When Fischer and others were discovering exceptions to the grand scheme embracing all the known building blocks for symmetry, they needed to be very precise indeed. A great example was the first exception discovered in the twentieth century. John Thompson at the University of Chicago, the doyen of those keen to classify the fundamental building blocks of symmetry had written a paper in the mid-1960s showing that if one of these had a certain type of “cross-section” then it must belong to the known families. He sent his paper around as a preprint to other specialists. One was a relatively unknown man from Yugoslavia, now working in Australia. He read it and wrote Thompson a letter saying he was having a bit of trouble with the smallest case in the new paper. Thompson replied the same day with a brief explanation, but the next morning suddenly realised … whoops there really was a gap in the proof for the smallest case. The man in Australia, Zvonimir Janko knew more than he was letting on, because he had already uncovered evidence for an exception to the grand scheme. He published details a couple of years later, and it set the scene for more, found by Janko, Fischer and others.

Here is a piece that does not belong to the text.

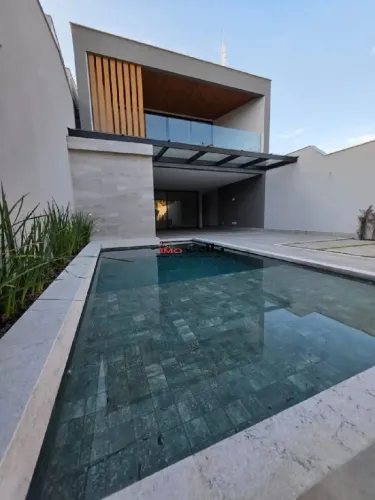 RIO MAR II Casa em Condomínio na Barra da Tijuca - 4 quartos, 4 suítes, 6 banheiros, 2 vag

As for the Monster, one of the experts who studied it was John Conway at Cambridge, later Princeton. When he visited Chicago, my wife at the time had the temerity to argue with him that it should be possible to understand it without the technical details. At some higher level of understanding it would all become much clearer. He disagreed. Without the technical details it was impossible to understand it. Looking back, I think both were right. The ultimate aim is to see things from a higher level, but what you can’t do is to skip the serious learning. Doing that with students who have never been through the process is to do them a serious disservice, but there are members of the educational establishment today who disagree. Like those revolutionaries from 1968 they are willing to overturn established methods with nothing to put in their place. Once again, we need people like Fischer to tackle their naivety, and allow people of all ethnic groups to progress in the modern world, rather than deflecting them from serious learning.

When I first taught in America as a graduate student, I was asked to teach a course on elementary algebra. One student paid me for private lessons, and I tried very hard to explain what an equation was, and what you do to one side you must do to the other. She had opted out of all mathematics at high school in California, and now more than ten years later couldn’t grasp the concept. It was too late.